-- Task prompt --
Output every entry exactly as written, but omit the pictures.

════════

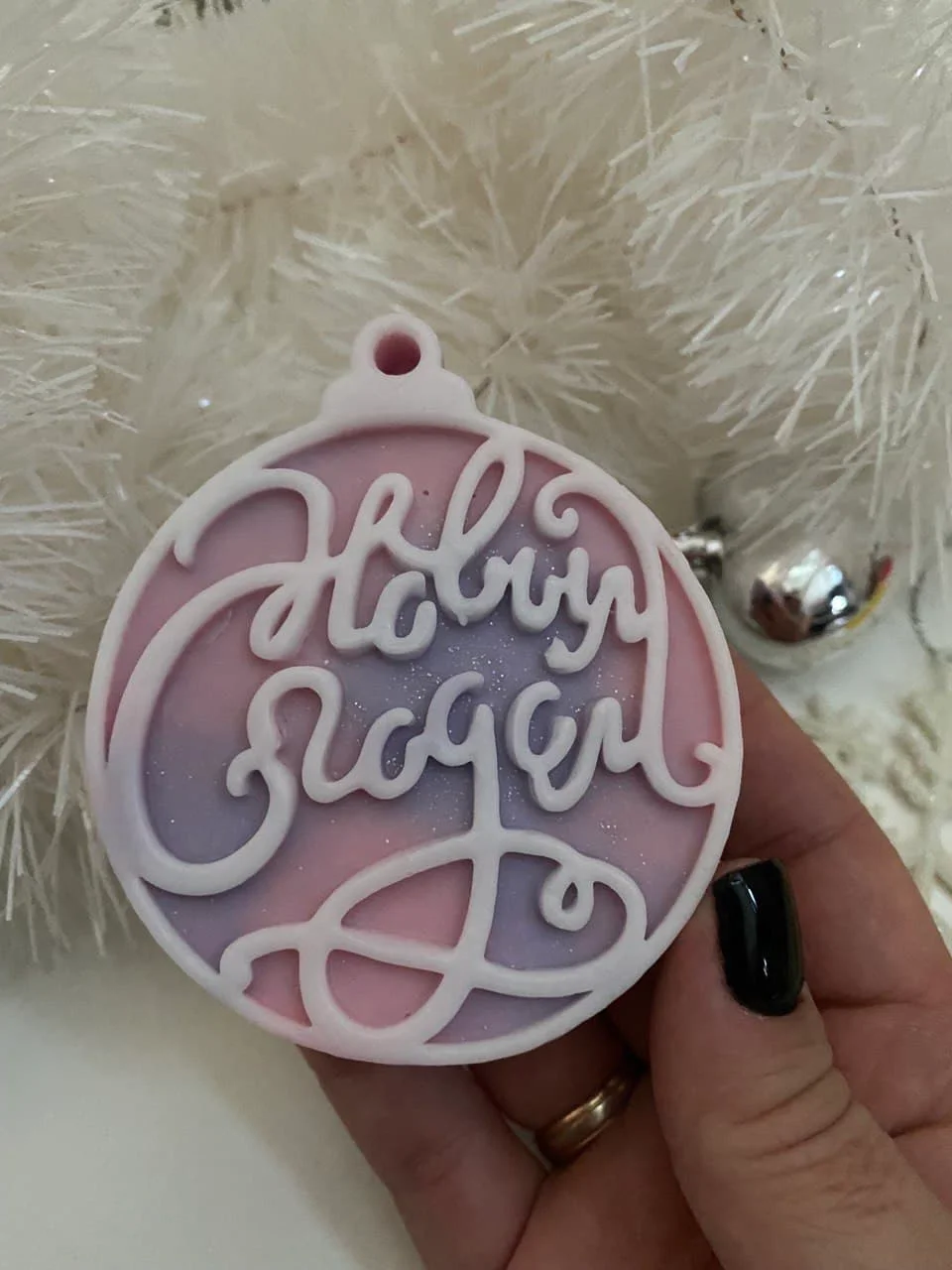 Елочная игрушка-мыло "С новым годом", ручная работа/новогодний подарок/новый год/сюрпиз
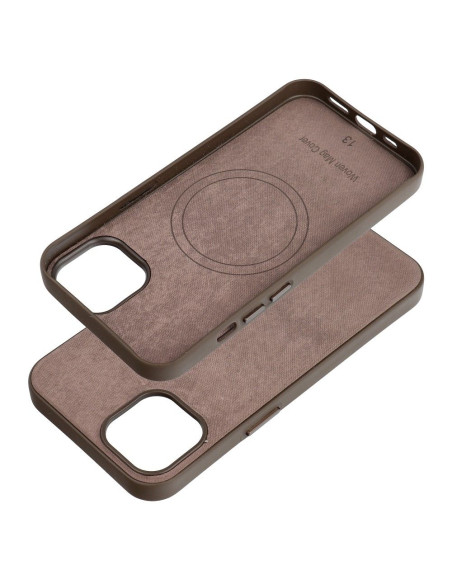 Housse Mag tissée compatible avec MagSafe pour IPHONE 13 marron clair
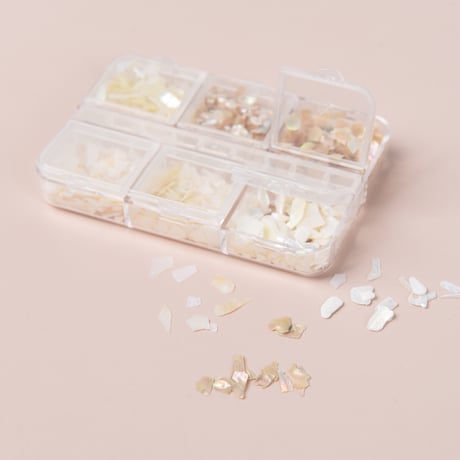 エッセンシャル 6色セット | 天然シェル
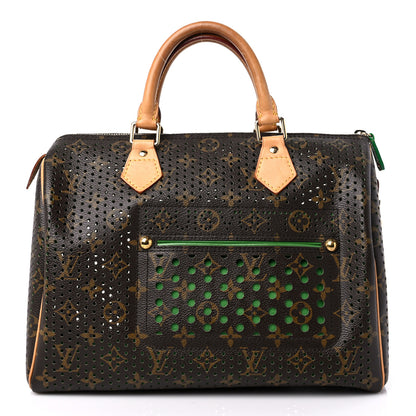 Louis Vuitton Monogram Perforated Speedy 30 Green 1 of 15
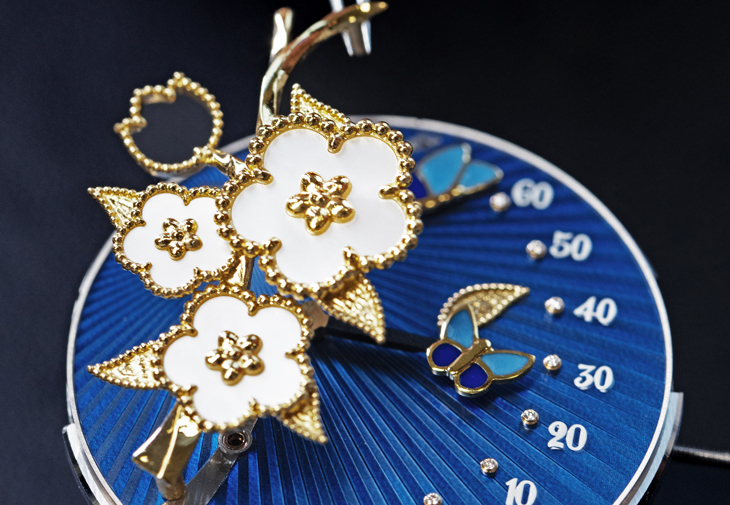 VAN CLEEF & ARPELS 梵克雅寶Lady Lucky Spring Butterfly跳時逆跳腕錶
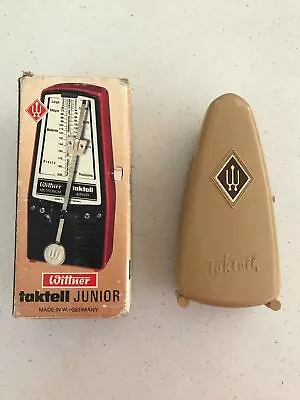 Vintage Wittner Taktell Junior Metronome 821 Without Bell Mechanical W Germany  • $80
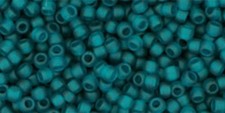 11/0, Toho Seed Beads, 7BDF, TRANSPARENT Frosted TEAL 10 grams, TR-11-7BDF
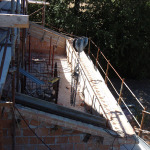 Realizzazione di balcone al piano primo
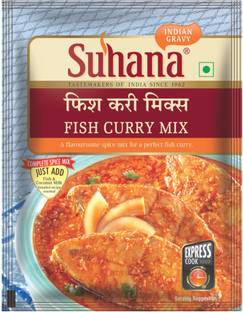 SUHANA Fish Curry Spice Mix 50G x 9 Pouch
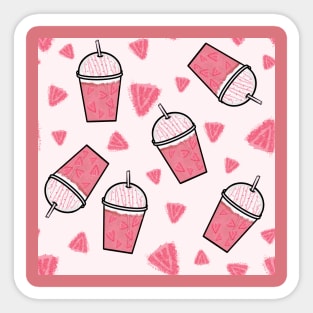 Strawberry Milkshake Dreams Sticker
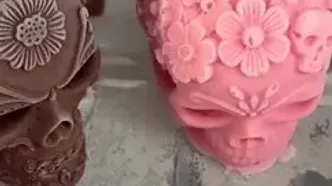 استقبال از بستنی‌هایی  به شکل جمجمه‌ انسان
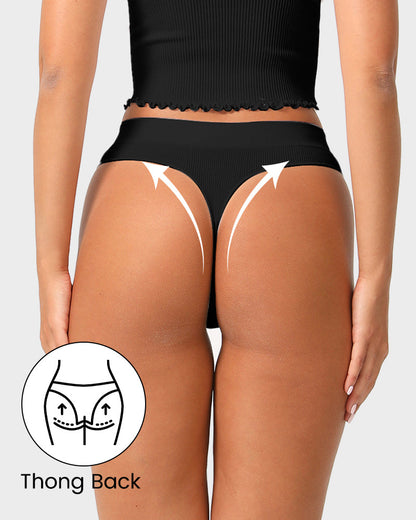 Nahtloser Low-Rise Tanga für den Alltag (3er-Pack)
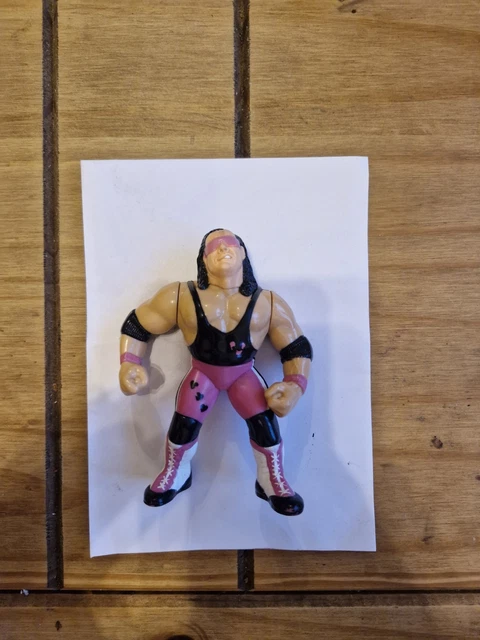 WWF Hasbro Bret Hitman Hart Red Card Wrestling Figure Vintage As Shown WWE
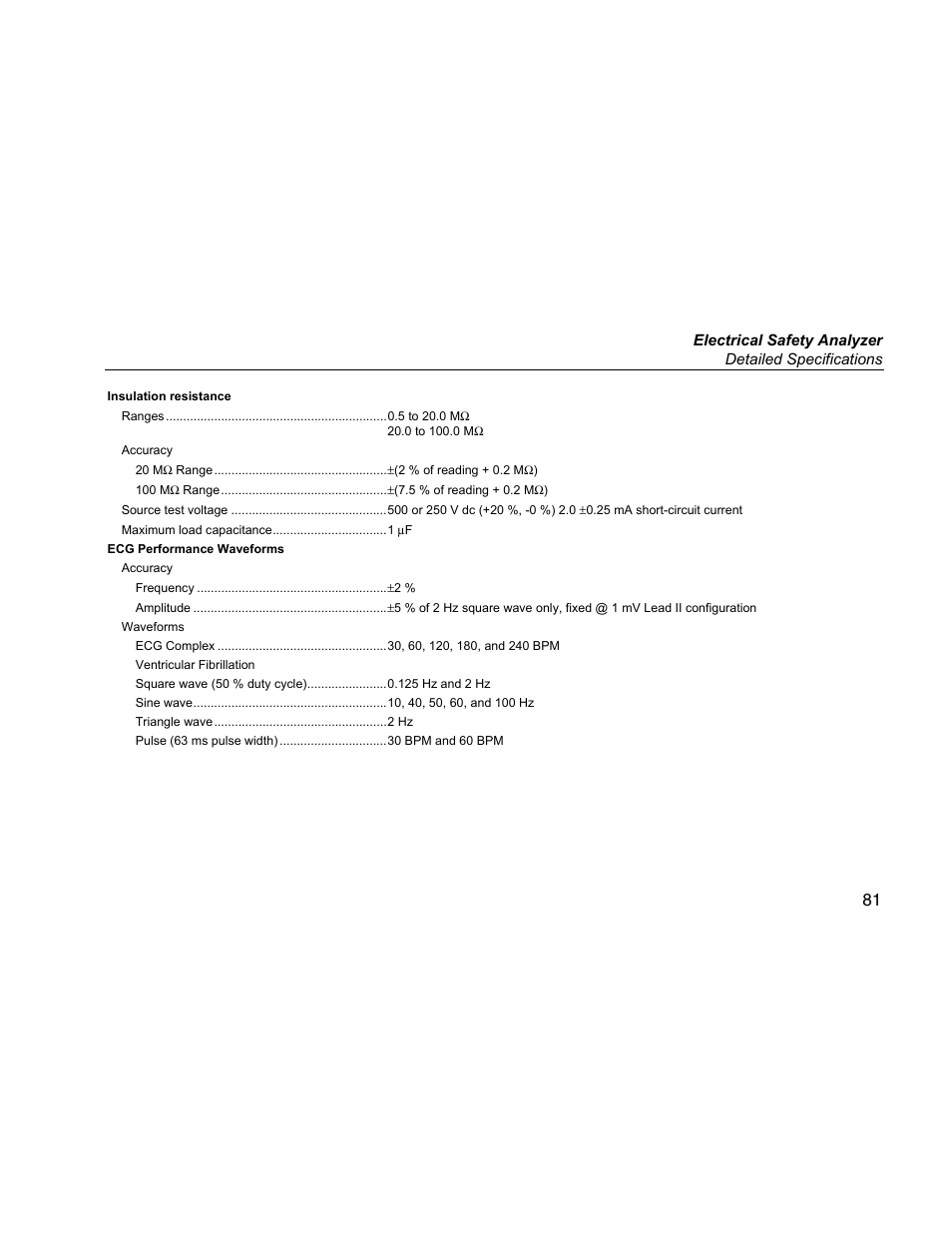Fluke Biomedical ESA615 User Manual | Page 95 / 96
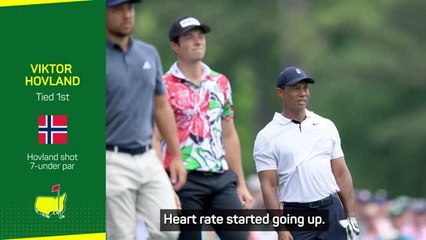 Hovland couldn't hide excitement at Woods pairing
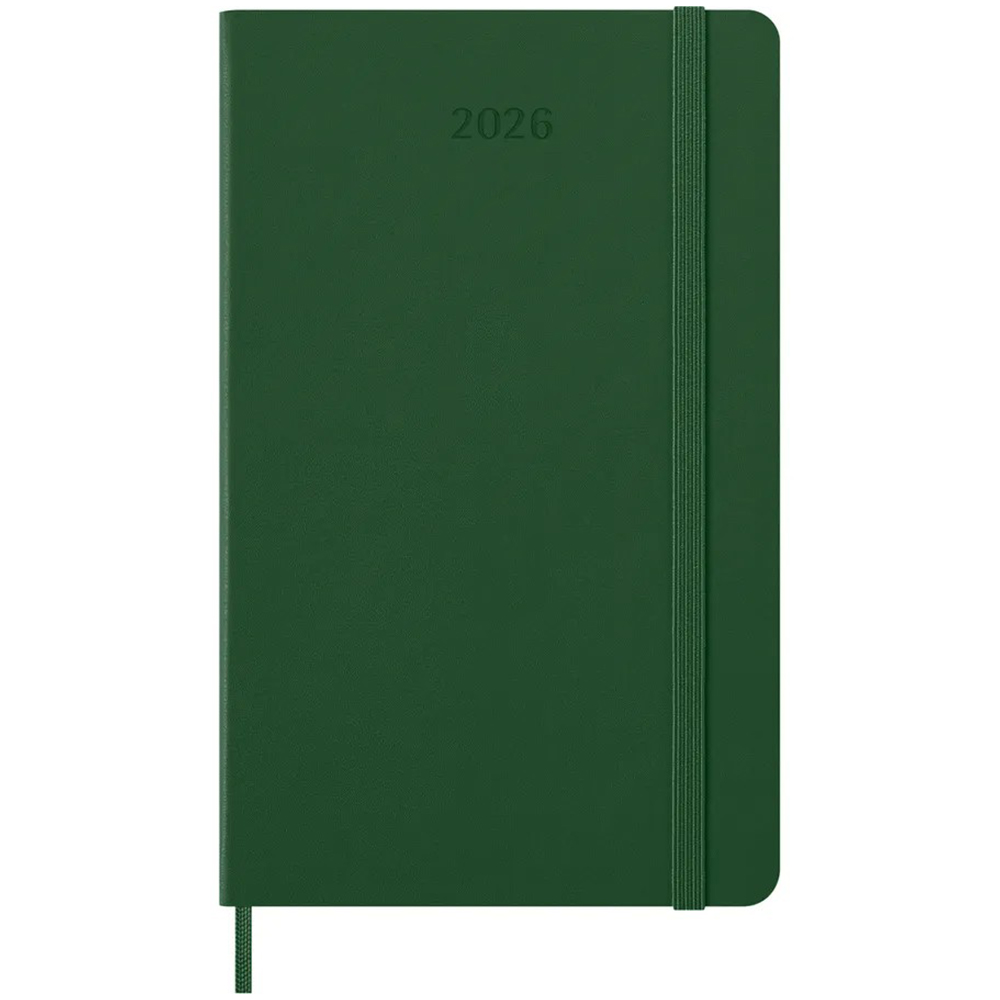 Щоденник миртовий зелений, середній,  Moleskine 2026, DHK1512DC3Y26 4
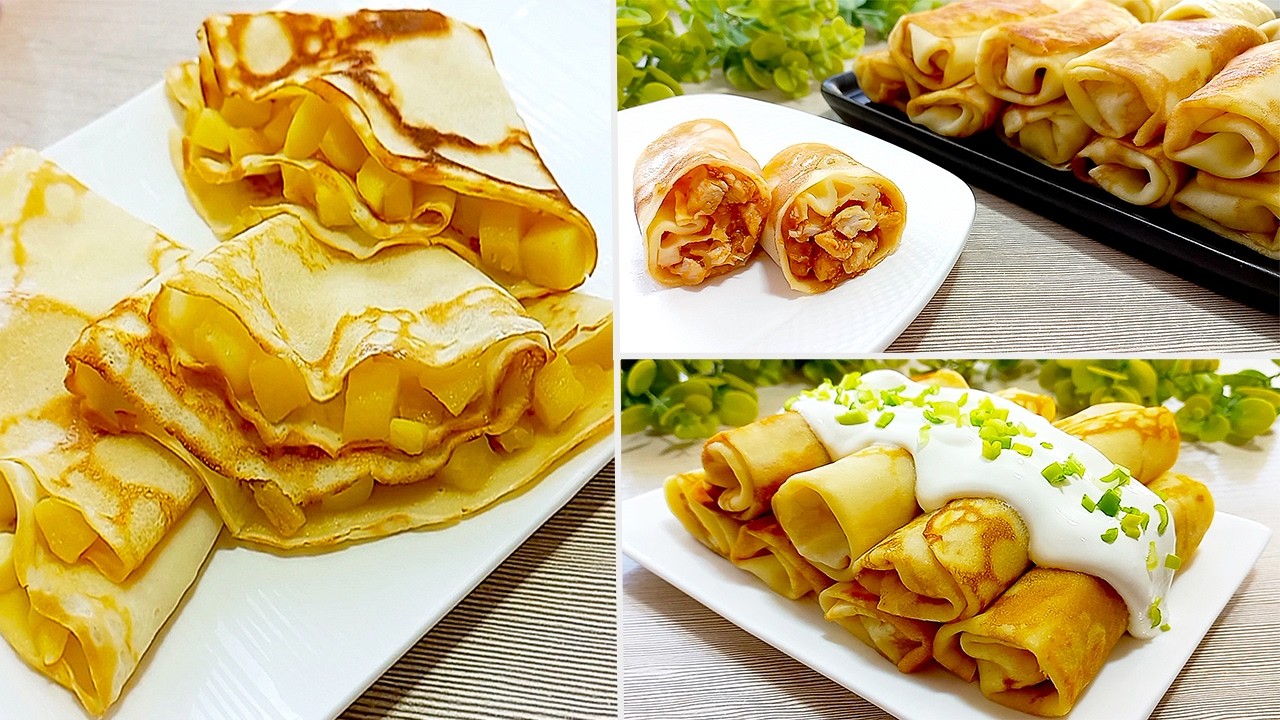 3 САМЫЕ ВКУСНЫЕ НАЧИНКИ ДЛЯ БЛИНОВ! ИДЕАЛЬНЫЙ ВАРИАНТ! ПРОСТЫЕ РЕЦЕПТЫ НА КАЖДЫЙ ДЕНЬ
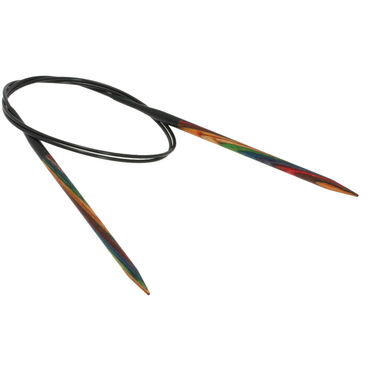 Lana Grossa Aiguille circulaire design en bois Multicolor N° 5,0/80cm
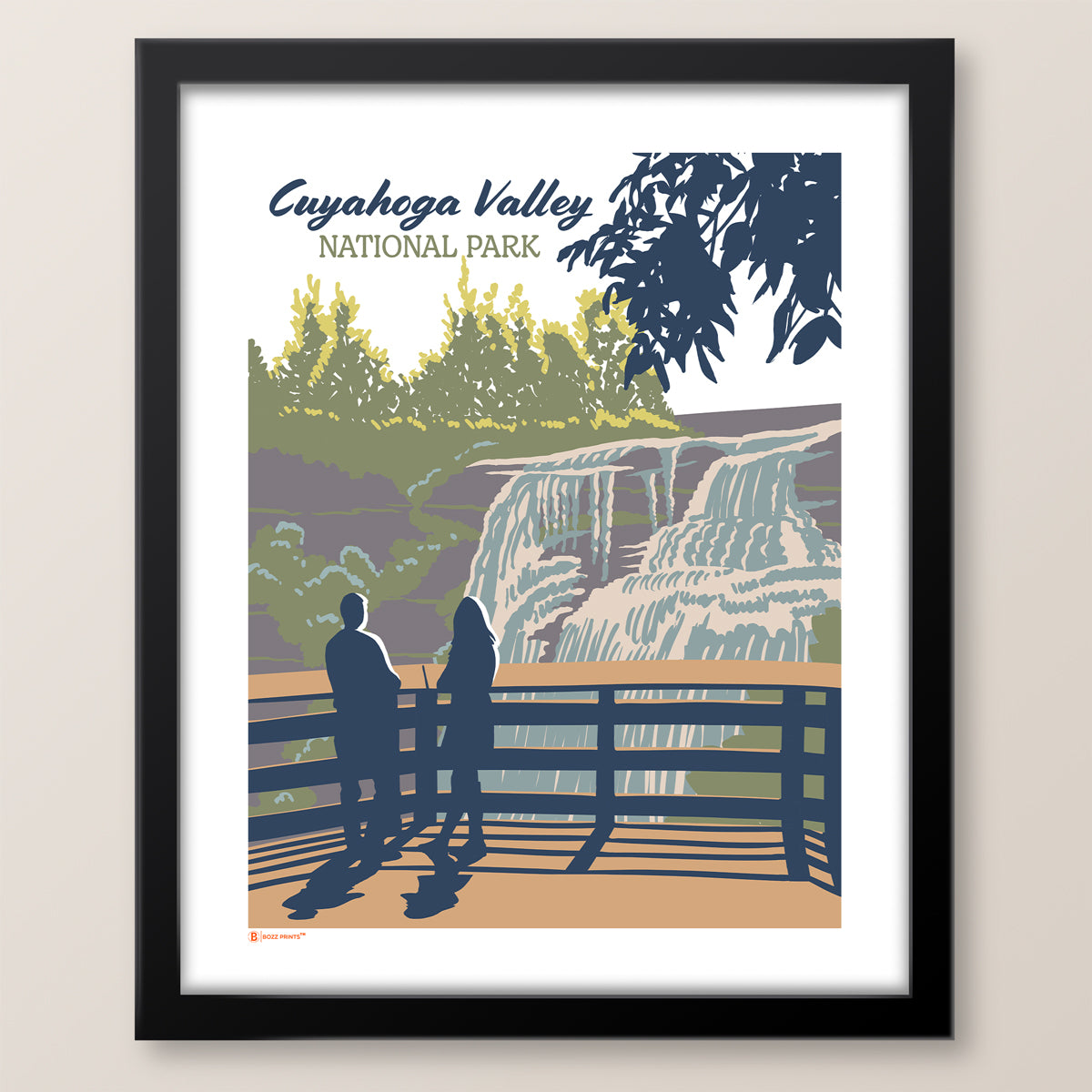 Cuyahoga Falls National Park Brandywine Falls Print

════════

-- Result --
 Елочная игрушка-мыло "С новым годом", ручная работа/новогодний подарок/новый год/сюрпиз
 Housse Mag tissée compatible avec MagSafe pour IPHONE 13 marron clair
 エッセンシャル 6色セット | 天然シェル
 Louis Vuitton Monogram Perforated Speedy 30 Green 1 of 15
 VAN CLEEF & ARPELS 梵克雅寶Lady Lucky Spring Butterfly跳時逆跳腕錶
 Vintage Wittner Taktell Junior Metronome 821 Without Bell Mechanical W Germany  • $80
 11/0, Toho Seed Beads, 7BDF, TRANSPARENT Frosted TEAL 10 grams, TR-11-7BDF
 Realizzazione di balcone al piano primo
 SUHANA Fish Curry Spice Mix 50G x 9 Pouch
 Strawberry Milkshake Dreams Sticker
 استقبال از بستنی‌هایی  به شکل جمجمه‌ انسان
 Nahtloser Low-Rise Tanga für den Alltag (3er-Pack)
 WWF Hasbro Bret Hitman Hart Red Card Wrestling Figure Vintage As Shown WWE
Fluke Biomedical ESA615 User Manual | Page 95 / 96
 Hovland couldn't hide excitement at Woods pairing
 Щоденник миртовий зелений, середній,  Moleskine 2026, DHK1512DC3Y26 4
 3 САМЫЕ ВКУСНЫЕ НАЧИНКИ ДЛЯ БЛИНОВ! ИДЕАЛЬНЫЙ ВАРИАНТ! ПРОСТЫЕ РЕЦЕПТЫ НА КАЖДЫЙ ДЕНЬ
 Lana Grossa Aiguille circulaire design en bois Multicolor N° 5,0/80cm
 Cuyahoga Falls National Park Brandywine Falls Print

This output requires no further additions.